Once again the rocks remained, a jumble of huge glacial boulders, some showing glacial scratches, halfway along the trail. At one place we walked through a five-foot-wide gap between two rocks aptly named “Midway Crevasse.” After the roar of the water, the silence along this trail was broken only by the singing of black-throated green warblers and American redstarts. And then we started down Glen Leigh. Although it has only eight waterfalls, two less than Ganoga Glen, it is steeper and has always seemed wilder to me. After finding a scenic lunch spot overlooking 30-foot-high Shawnee Falls, we told Eva the history of the park, including the two glens known as the Glens Natural Area, which is a National Natural Landmark.
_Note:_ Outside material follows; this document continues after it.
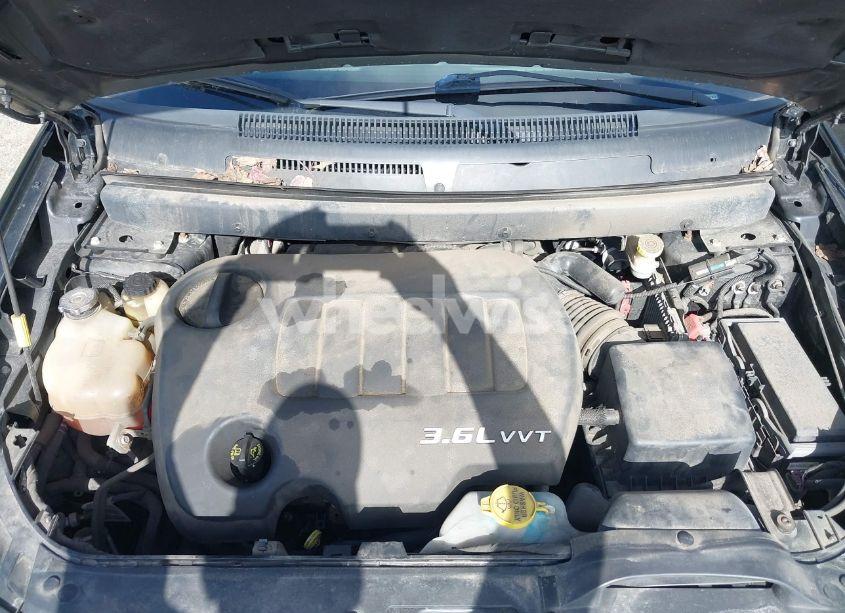 Photo 10 of 2015 Dodge Journey SXT (VIN 3C4PDDBG6FT561173)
Ricketts Glen State Park was originally part of an 80,000-acre estate owned by Colonel Robert Bruce Ricketts, who led Battery F during Pickett’s Charge at the Battle of Gettysburg. In the 1920s the Ricketts family sold more than half the property to the Pennsylvania Game Commission, and today the adjacent SGL#57 and the nearby SGL#13 add considerably more wild acreage to the 13,050 park acres in Luzerne, Sullivan and Columbia counties, acreage that we had hoped to explore had we stayed in a cabin.
Most of the park, including the waterfall area, was approved as a national park site in the 1930s, but World War II intervened, and the area was sold instead to the Commonwealth of Pennsylvania by Ricketts’ heirs for a state park. Lake Jean and the now dry Lake Rose, where we had once picnicked with our sons, were named for Ricketts’ daughters. Those waterfalls not given Native American names such as Mohican, Cayuga, Delaware, Seneca, and Huron, were named for Ricketts and his relatives. We pointed out the 40-foot-high R.B. Ricketts waterfall to Eva as we continued on down Glen Leigh.
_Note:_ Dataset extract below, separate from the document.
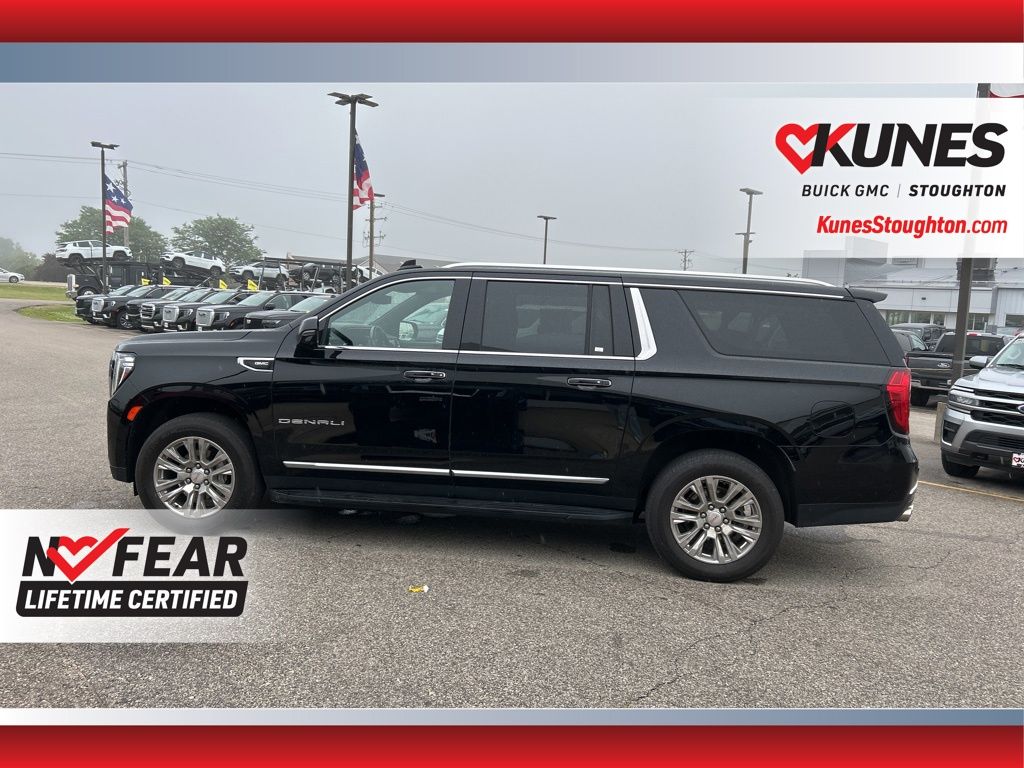 Vehicle image 8 of 47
In those early days, the local people called it “Kitchen Crick,” according to Bruce. As a young boy, he had gone once to Ricketts Glen with his Uncle Gilbert and great Uncle Byron and remembers them walking through the old-growth and identifying the trees. Eva likes to hear family stories so we also told her about her Grandpa’s people who had come down from Connecticut to settle at the base of North Mountain and farm, about his Grandpa Ide’s apple farm and how every year Bruce and his family, who lived in New Jersey, went back to visit family at the old farm.
Once we reached Watersmeet, rumbles of thunder hastened our walk back. Eva and Bruce had easily hiked all 7.2 miles of the Falls Trail, but I struggled during the last descent from the last waterfall, sweat pouring off me. I’ve never counted the stone steps that lead from waterfall to waterfall, but I suspect they number in the hundreds. And the elevation drop is 1,000 feet in a little over two miles.
As Eva and Bruce forged on ahead, I welcomed the level rerun through the remnants of the old-growth forest and walked slowly, because, as usual, I was loath to leave the peace of the trail. The rain held off until we were back in our car and headed for home. Nature, at least, had not let us down even if the park reservation system had.